Integration as a standalone solution undervalues the power of black communities while overvaluing that of white communities. The underlying assumption of too many desegregation attempts is that proximity to white students alone is, in and of itself, the key to educational reform. This form of integration is often justified by the notion that placing black and Latino students into better-funded schools, where they will be in better physical environments and have access to improved educational resources that are denied to their home neighborhoods. But this reasoning creates the narrative that quality education lies only within schools that mostly serve white students.

Integration in this fashion moves black and brown kids to where the money is, which happens to be, not coincidentally, where the white kids are. That doesn’t necessarily improve outcomes for black and brown students. In fact, it often leads to intra-school segregation wherein AP classes remain predominantly white, and lower-ranked classes mostly students of color. As noted in the Atlantic in 2014, black and Latino students made up 37 percent of high school students, yet only 27 percent of students taking an AP class. Sixty percent of Asian students with strong math skills took AP math, compared to 30 percent of black students with those skills.

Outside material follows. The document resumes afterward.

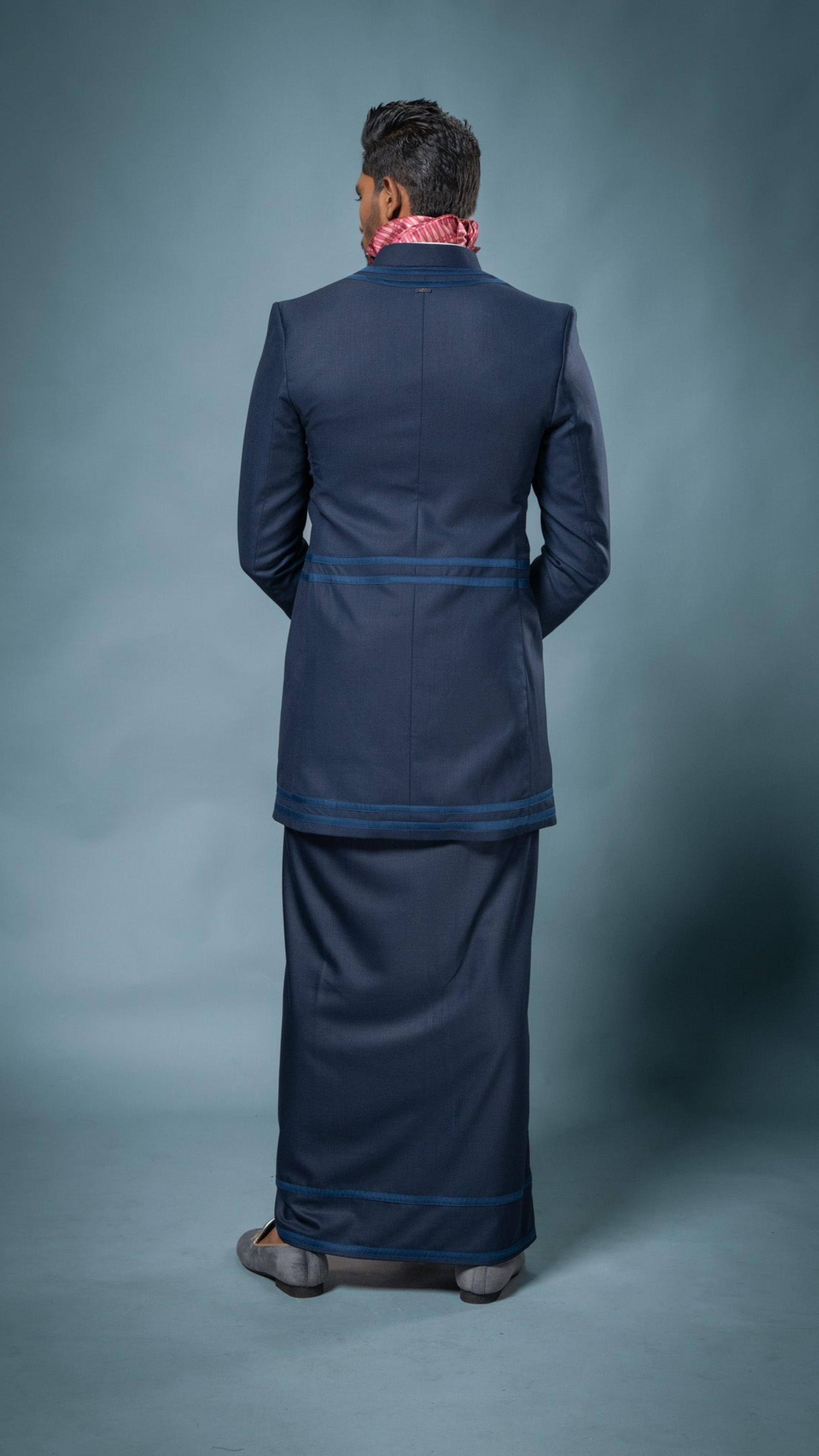 LOVI Navy Long Nilame Jacket & Sarong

These are the deeply entrenched realities that need to be addressed. Funding formulas should be revised so that schools serving families in poverty receive increased funds to address the social-emotional needs of students living with the trauma that accompanies growing up in a society built on racial injustice, perpetuated by issues like the over-policing of communities of color.

We need to stop tricking ourselves that simply shuffling students around until the schoolyard looks diverse will magically address educational disparities. The real work is harder because it’s about the almighty dollar. We need to abolish the alignment of school funding to localities’ taxable wealth. Only then will a child’s access to quality education not depend on their zip code.

Sharif El-Mekki is in his 26th year working in Philadelphia public schools. For the past 11 years, he has served as the principal of Mastery Charter – Shoemaker Campus and is the founder of The Fellowship – Black Male Educators for Social Justice. Zachary Wright is an Assistant Professor of Practice at Relay Graduate School of Education serving Philadelphia and Camden.